O Gambito da Rainha: você sabia que a série foi inspirada em uma trágica história verdadeira?

A série O Gambito da Rainha surpreendeu os espectadores em todo o mundo. Mas muitos não sabem que a série é inspirada em eventos reais.

O Gambito da Rainha foi lançada na Netflix em outubro do ano passado, e obteve impressionantes 62 milhões de telespectadores durante o primeiro mês.

Mesmo agora, todas essas semanas depois, as pessoas continuam a ficar obcecadas com os sete episódios exuberantes de Scott Frank e Allan Scott, elogiando a minissérie por suas performances marcantes, enredo emocionalmente carregado e estética de época deslumbrante.

A sensação feminista da TV, é claro, conta a história da órfã prodígio do xadrez Beth Harmon (Anya Taylor-Joy) enquanto ela luta contra o vício em uma busca para se tornar a maior jogadora de xadrez do mundo.

O que muitos podem não saber, porém, é que a série é baseada no romance de Walter Tevis de 1983 com o mesmo nome.

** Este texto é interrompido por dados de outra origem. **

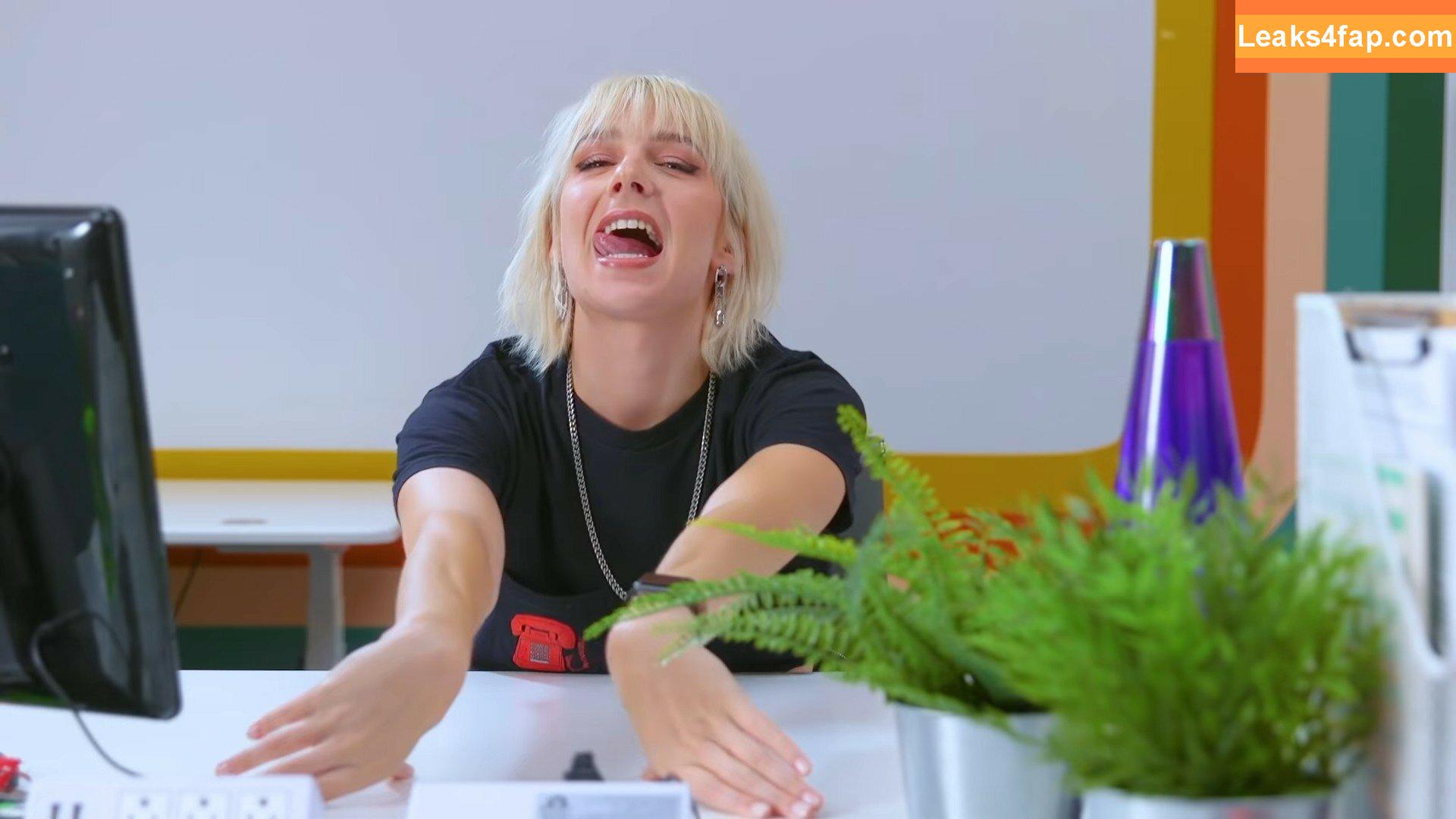 Courtney Miller / co_mill / courtney.miller / typicalvlogs leaked photo photo #0449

E que a infância conturbada de Beth reflete de perto a da própria autora.

Quem foi Walter Tevis?

De acordo com The Ringer, Tevis nasceu em San Francisco em 1928 e aprendeu a jogar xadrez aos sete anos de idade.

Quando ele tinha nove anos, porém, ele foi diagnosticado com um problema cardíaco, foi abandonado por seus pais e colocado em uma casa de abrigo. Durante esse tempo lá, ele usou três vezes por dia um barbitúrico conhecido como fenobarbital. 

E, assim como vemos com Beth em The Queen’s Gambit,  é isso que o coloca no caminho da dependência.

Eventualmente, a família de Tevis permitiu que ele fosse morar com eles em Lexington, Kentucky. Muito parecido com Beth, porém, ele lutou para se encaixar na escola e foi duramente intimidado por seus colegas. 

No entanto, enquanto Beth encontrava uma saída por meio de sua obsessão pelo xadrez, Tevis dedicou seu tempo a outro jogo: sinuca. E não apenas o jogo: sua estética, sua cultura e os tipos de pessoas que atraiu.

Embora acabasse por se casar, ter dois filhos e começar sua carreira como escritor publicado, Tevis lutou contra o álcool e o vício do jogo.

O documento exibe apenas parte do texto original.